2. Há um lado de denúncia e provocação nos manifestos e textos iniciais do Almada Negreiros, mas, a partir dos anos 20, ele muda um pouco o tom, e a vocação de denúncia e provocação e reconfigura-se noutra linguagem. Depois de 1926, o ano do golpe militar, sai do país para viver cinco anos em Espanha e é de Espanha a famosa conferência em que ele diz a frase que dá título à exposição: "Isto do moderno não é uma maneira de vestir, é uma maneira de ser."

Nos textos a partir dos anos 1930, Almada começa a reflectir muito sobre o papel do indivíduo e a sua relação com a colectividade. Resumindo muito, diz que nenhuma colectividade pode abafar o indivíduo nem nenhum indivíduo pode subsistir sem estar inserido numa colectividade.

Ele desenvolve estas ideias em vários textos nos anos 30, e há claramente uma componente de reacção ao Estado Novo e ao que se desenhava na Europa em geral. Em alguns textos, reage à ideia de que um Estado pode condicionar a liberdade do artista. A palavra "liberdade" passa a ser constante nos seus textos.

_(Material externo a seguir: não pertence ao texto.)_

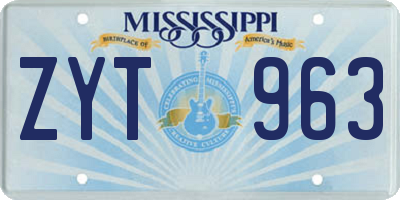 MS license plate ZYT963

A determinada altura, na esteira de tendências que vemos em vários modernismos, ele defende uma ideia de ingenuidade voluntária. Tem a ver com a ideia de um olhar ingénuo, desprovido de contaminações da civilização, que se enquadra numa série de primitivismos, e também tem a ver com o futurismo: que defende a tábua rasa, a destruição dos museus, da cultura, para começar do zero.

Há uma conferência de 1936 em que ele fala especificamente disto e diz que para ele a palavra "ingenuidade" é muito importante, porque ingénuo vem do latim "ingenuus": "nascido livre". Para ele, um olhar que não está contaminado é um olhar livre.

3. Um discurso procura arrumar, mas a vida das pessoas é mais desarrumada do que aquilo que contam delas. Na exposição, quis criar um percurso fluído, que não compartimentasse, não dividisse cronologicamente, nem em géneros, nem em fases, nem em hierarquias: e que misturasse a multiplicidade de linguagens artísticas em que Almada se desdobrou. Essa vocação experimental é ela própria moderna.


Para Almada, a palavra "ingenuidade" é muito importante, porque ingénuo vem do latim "ingenuus": "nascido livre". Para ele, um olhar que não está contaminado é um olhar livre.


Um dos dois retratos do Fernando Pessoa - considerados "as grandes" obras - está posto em diálogo, na exposição, com estudos para vitrais, o que talvez permita perceber melhor o que é que ele está a fazer: um gesto deliberado de iconizar o Pessoa e, com isso, iconizar-se a si próprio. Ele traz a linguagem do cartaz publicitário e dos vitrais para esse quadro e por isso é que consegue aquele efeito.

Nesse gesto, ele acaba por isolar duas figuras: o poeta e o pintor do poeta. Ele próprio, sendo um sobrevivente [do modernismo], está a construir a história e a reservar nela um lugar para si.

4. A pintura abstracta que faz no final da vida está ligada aos estudos autodidactas dos vitrais, da cerâmica, da pintura a fresco que o levaram a estudar formas antigas de composição pictórica, das civilizações pré-clássicas ao renascimento, e ele julga encontrar em diferentes tempos e diferentes geografias um conhecimento comum de leis da harmonia geométrica.

Parece encontrar aí a resposta à busca por uma comunicação visual que pudesse ser universal. É, sem dúvida, uma procura essencialista. A essas leis chama cânone, mas não no sentido que damos hoje. Almada vai à raiz etimológica da palavra: "cânone" era o nome de varas que serviam de medida-padrão. "Cânone" é então, para Almada, a base essencial de onde nasce toda a representação visual.